Source material START
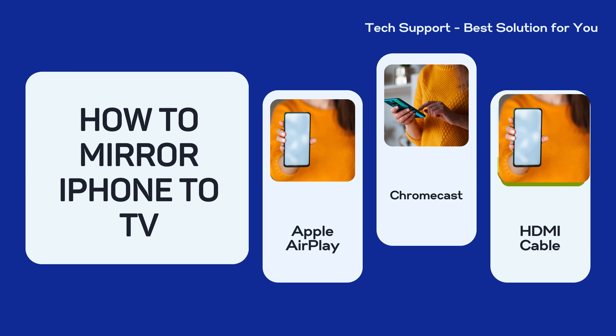Welcome back to the Tech Support channel. In this video we will discuss how to mirror iPhone to TV. You can mirror your iPhone to a TV using several methods depending on the type of TV and the available technology. Here are a few common ways to mirror your iPhone to a television.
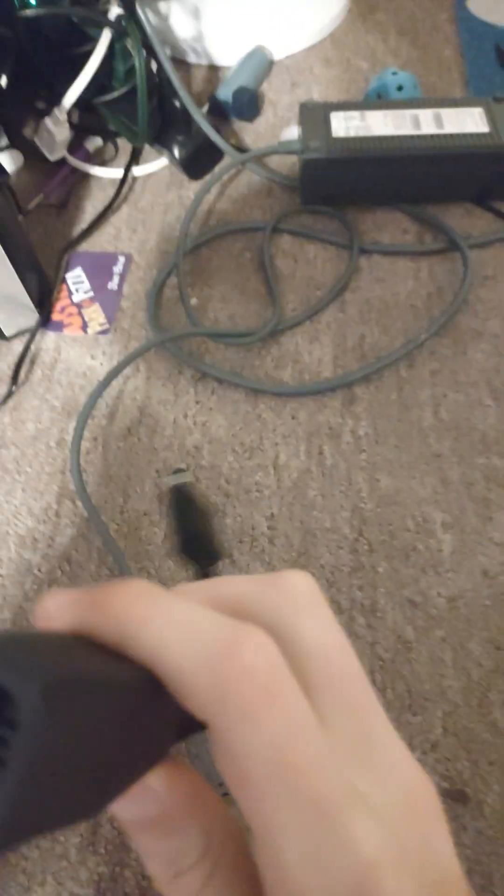It's for one of the old ones. So for your elite or original, it's gonna look like this and that will plug into here. And if you're slim — like Xbox 360 slim, like this one right here — if the power brick is broken, then this is what you can use for your other power brick to make this one power on.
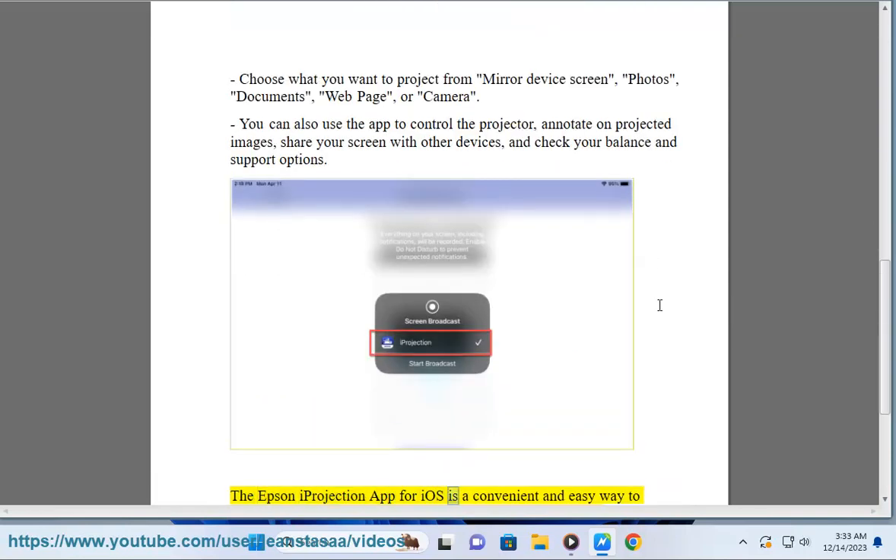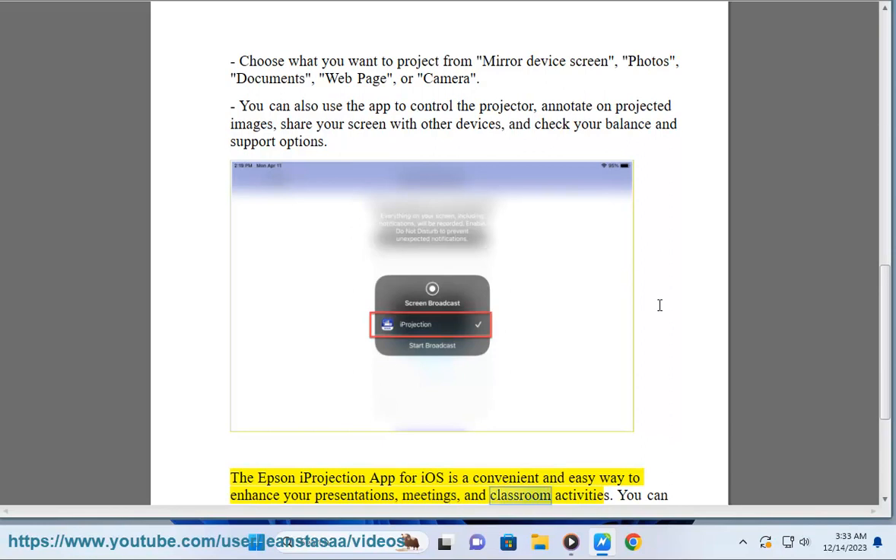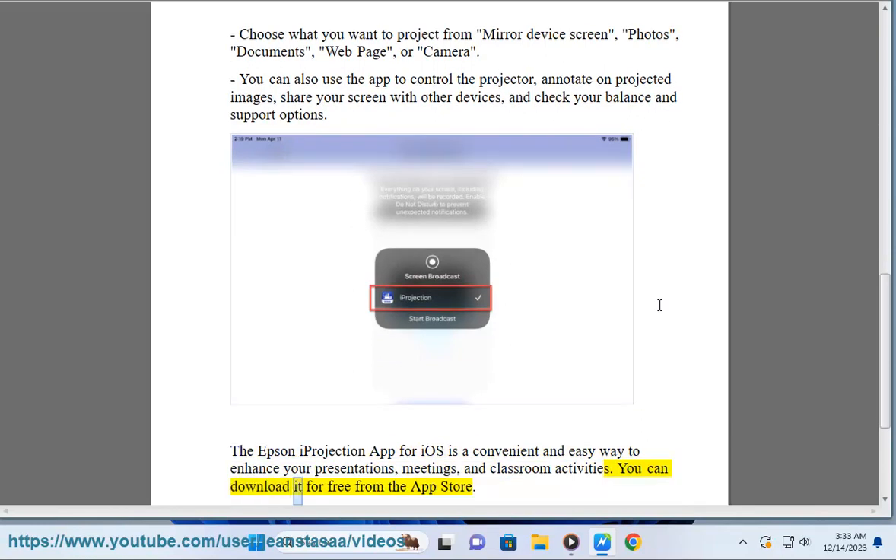The Epson iProjection App for iOS is a convenient and easy way to enhance your presentations, meetings, and classroom activities. You can download it for free from the App Store.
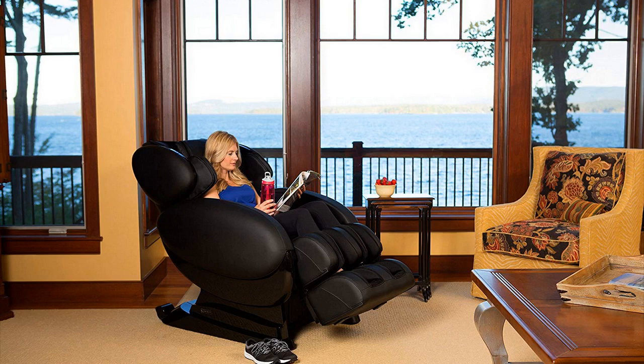I absolutely love this chair and I highly recommend it. If you're interested, I did find a pretty good deal, so check the link in the description below — I'll leave it down there for you if you're in the market for one. Thanks for watching guys, have a great day.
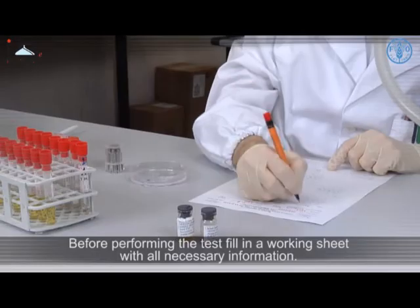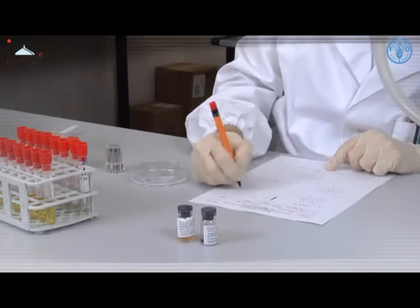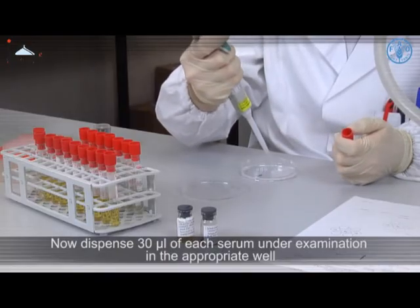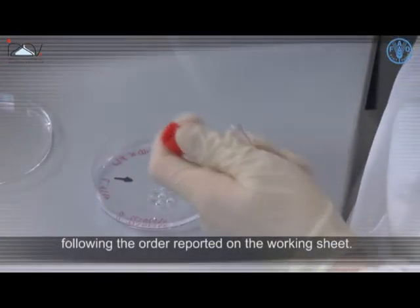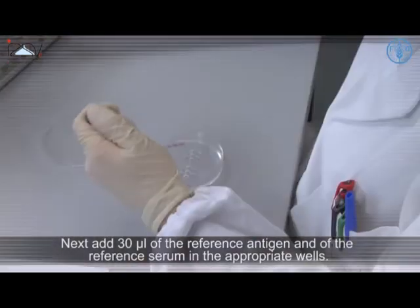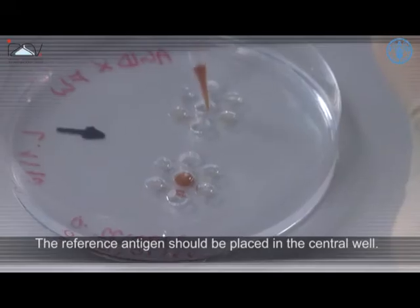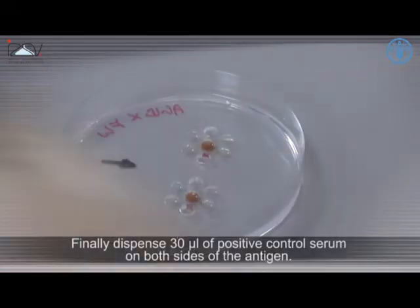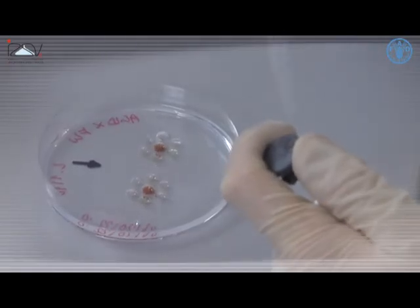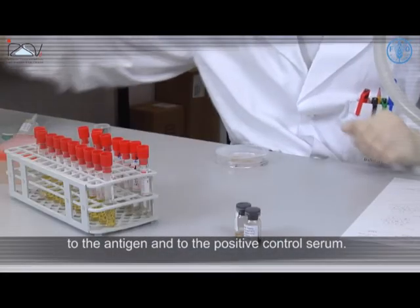Before performing the test, fill in a working sheet with all necessary information and identify the dishes with a marker. Dispense 30μL of each serum under examination in the appropriate well, following the order reported on the working sheet. Next, add 30μL of the reference antigen and of the reference serum in the appropriate wells — these are the positive controls of the test. Be careful to use the correct reagents for AGID. The reference antigen should be placed in the central well. Finally, dispense 30μL of positive control serum on both sides of the antigen. This scheme allows for all test samples to be simultaneously adjacent to the antigen and to the positive control serum.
Source material END
Your answer must be every record above, word for word, with no pictures.

__Expected answer__.
Welcome back to the Tech Support channel. In this video we will discuss how to mirror iPhone to TV. You can mirror your iPhone to a TV using several methods depending on the type of TV and the available technology. Here are a few common ways to mirror your iPhone to a television.
It's for one of the old ones. So for your elite or original, it's gonna look like this and that will plug into here. And if you're slim — like Xbox 360 slim, like this one right here — if the power brick is broken, then this is what you can use for your other power brick to make this one power on.
The Epson iProjection App for iOS is a convenient and easy way to enhance your presentations, meetings, and classroom activities. You can download it for free from the App Store.
I absolutely love this chair and I highly recommend it. If you're interested, I did find a pretty good deal, so check the link in the description below — I'll leave it down there for you if you're in the market for one. Thanks for watching guys, have a great day.
Before performing the test, fill in a working sheet with all necessary information and identify the dishes with a marker. Dispense 30μL of each serum under examination in the appropriate well, following the order reported on the working sheet. Next, add 30μL of the reference antigen and of the reference serum in the appropriate wells — these are the positive controls of the test. Be careful to use the correct reagents for AGID. The reference antigen should be placed in the central well. Finally, dispense 30μL of positive control serum on both sides of the antigen. This scheme allows for all test samples to be simultaneously adjacent to the antigen and to the positive control serum.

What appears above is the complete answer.